Open Trade Blockchain is also the region’s first crossborder blockchain platform that is aligned with China’s Belt Road Initiative (BRI) and the Southern Transport Corridor.
(OTBはまた、中国の一帯一路イニシアティブや南方輸送回廊と提携する、地域内で初めてのクロスボーダーブロックチェーンプラットフォームである)
中国が提示する経済圏を明確に視野に入れたプロジェクトであることがわかりますが、そのことを示すように、プレスリリースには今回の提携先として、以下の企業が挙げられています。
China-ASEAN Information Harbor Co.(中国)
Suzhou Cross-E-commerce Co. Ltd.(中国、「Suzhou」は「蘇州」)
Commodities Intelligence Centre(シンガポール企業ですが、親会社は中国・武漢)
Korea Trade Network(韓国)
PT-EDI Indonesia(インドネシア)
TIFFA EDI Services Company Limited(タイ)
Trade-Van Information Services Co.(關貿網路)
提携先は中国企業を中心に、東南アジア諸国へと広がっていることがわかります。
中国が提案している「一帯一路イニシアティブ」や「デジタルシルクロード」が、実際に多様な企業の事業展開に関連付けられながら、その内実を獲得している様子が垣間見えますね。
はじめに挙げた陽明海運による貿易業務へのブロックチェーンの活用は、膨大な事務作業を効率化させるためのひとつの解決策として技術開発がおこなわれています。
今回のGeTSによるプラットフォーム構築と、台湾の關貿網路などとの提携は、そうした解決策の具体的な動きとして注目が集まっていると思います。
ただ、このプラットフォーム構築が注目されているのは、そうした具体的なソリューションであるということだけにとどまらないように感じます。

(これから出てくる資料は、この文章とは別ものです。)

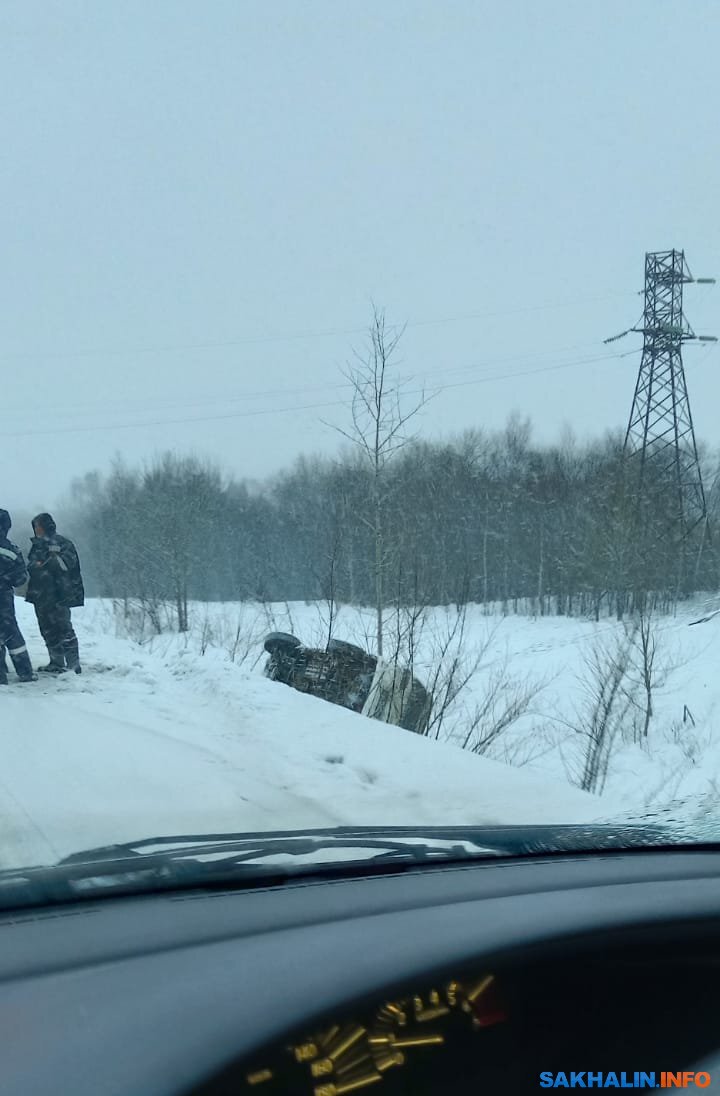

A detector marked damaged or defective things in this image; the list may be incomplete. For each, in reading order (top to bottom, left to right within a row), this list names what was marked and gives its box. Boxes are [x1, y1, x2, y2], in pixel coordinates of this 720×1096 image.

overturned vehicle [264, 632, 434, 736]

それはたとえば、關貿網路を含め、今回のプラットフォームの提携企業の多くは行政機関とのかかわりがうかがえる、ということであったり、
あるいは、中国が提示する「一帯一路イニシアティブ」や「デジタルシルクロード」とのかかわりを視野に入れたプロジェクトでもあるというところに、注目される大きな要因があるように思います。
ブロックチェーンが解決する直接的な課題は「貿易業務の効率化」ですが、その先に見据えられているのは、グローバルにつながる経済圏の構築だということがうかがえます。
ブロックチェーンが具体的にどのようなサービスへと発展していくのかというところと合わせて、ブロックチェーンの活用によって構築される世界がどのようなものか…
こうしたところにも注目をして、これからも動きを追っていきたいと思います!